Chavanel raised a fist in joy as he completed the 165.5-kilometre run from Tournus to Station des Rousses that featured six low- to mid-grade climbs, crossing in four hours 22 minutes 52 seconds. The Quick Step rider also won the second stage.
Victoria native Ryder Hesjedal improved to third overall -- one minute 32 seconds behind Chavanel -- with an eighth-place finish.
"The team took care of me really well all day," said Hesjedal. "I am really pleased with my Tour so far and we will see what tomorrow brings."
Toronto's Michael Barry sits 88th after placing 124th in the seventh stage.
The main title favourites finished 1:47 back of Chavanel, including 2009 winner Alberto Contador of Spain, who was 13th, and seven-time champion Lance Armstrong of the United States in 16th.
Overall, Chavanel was leading two-time Tour runner-up Cadel Evans of Australia by 1:25. Hesjedal was third followed by last year's runner-up, Andy Schleck of Luxembourg, 1:55 behind, with Contador sixth: 2:26 back. Armstrong was 14th, 3:16 behind Chavanel.
"I had legs of fire today. ... These are the types of climb that suit me," Chavanel said. "I'm going to savour it."
Several pre-race favourites, including Armstrong, said the stage's climbs were deceptively tough and that the heat added to the agony.
"Suffered, I think everybody did. It was just so incredibly hot and humid," the 38-year-old Texan said.
Switzerland's Fabian Cancellara, who struggled in the final climb and lagged a staggering 14:12 back, lost the yellow jersey to Chavanel. The Frenchman began the stage fifth, 1:01 behind Cancellara.

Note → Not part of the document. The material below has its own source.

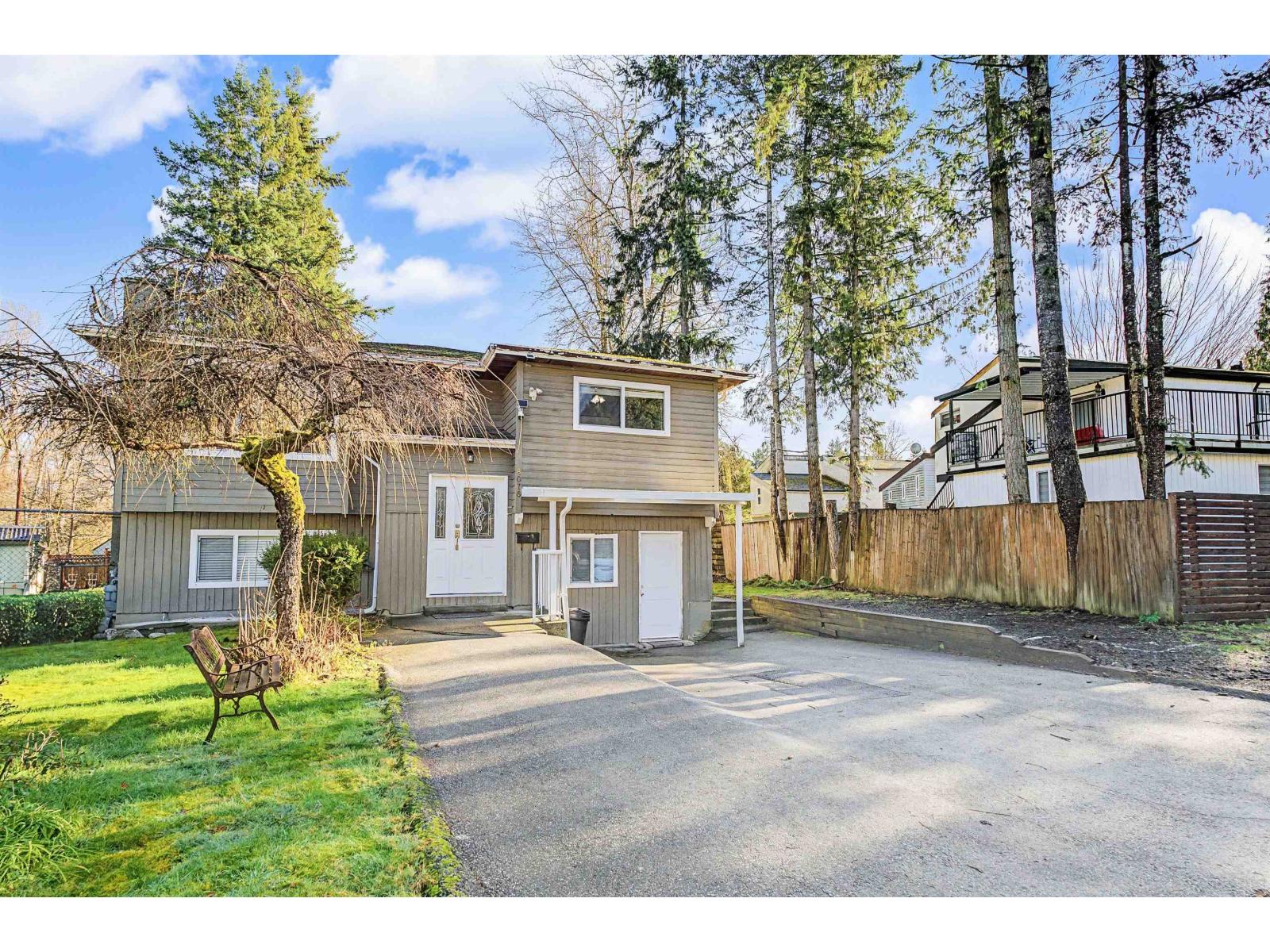 8076 139A STREET, Surrey — photo 1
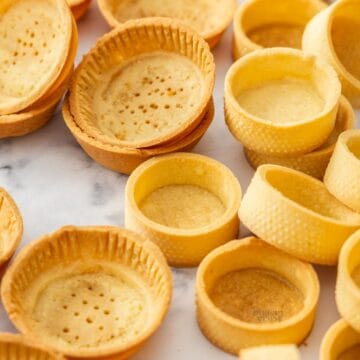 A pile of tartlet shells.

They are the only two riders to have worn yellow this Tour: Cancellara won the prologue, Chavanel took the coveted shirt with a breakaway win Monday and then the Swiss time trial specialist recovered it a day later.
A staffer from Chavanel's QuickStep team squirted him with water to cool him down in the searing heat as he scaled solo the mid-grade Lamoura pass into the Les Rousses ski station, the last climb, baring his teeth as he pedaled.

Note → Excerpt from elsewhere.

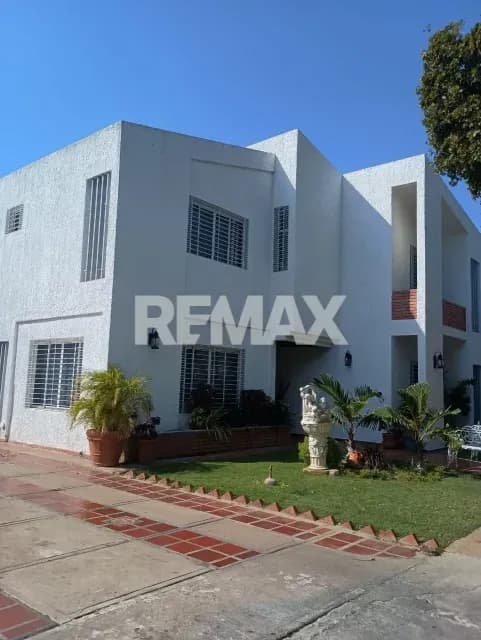 (VENDE) TH en Villa del Mar. Fuerzas Armadas.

Armstrong kept toward the front of the main group of contenders on the final ascent, with Contador shadowing him.
It was a "tough day ..." Armstrong said. "A climb like this, which is 3 to 5 per cent, is always hard. It's high speed and it's hard to [pull] away, and it's hard to sit on the wheel. Not my favourite.
"I tried to stay up near the front [of the pack], to be honest."
None of the main contenders -- including Evans or Bradley Wiggins of Britain, who was fourth last year -- attempted to attack.
Rafael Valls Ferri of Spain was second, 57 seconds behind Chavanel, and countryman Juan Manuel Garate was third, 1:27 back.
After the stage, a downpour sent rain and marble-sized hail onto thousands of fans who lined the route, and civil security teams escorted dozens of fans to shelter after their shuttle bus couldn't get through a post-race traffic jam.
Got his revenge
Chavanel said he got his "revenge" after losing the yellow jersey on the cobblestones Tuesday -- when Armstrong also lost crucial time in the title chase because he had to change a flat tire.
The Frenchman said the next stage could threaten his hold on the jersey.
"The big names -- Contador, Schleck, Evans -- they're going to express themselves tomorrow," Chavanel said. "I'm going to work to limit the damage. I'm going to give it all I have."
The race enters the Alps on Sunday with a 189-kilometre jaunt that includes two very difficult climbs and features an uphill finish.
"The truth will come out tomorrow," Evans said, speaking on French TV.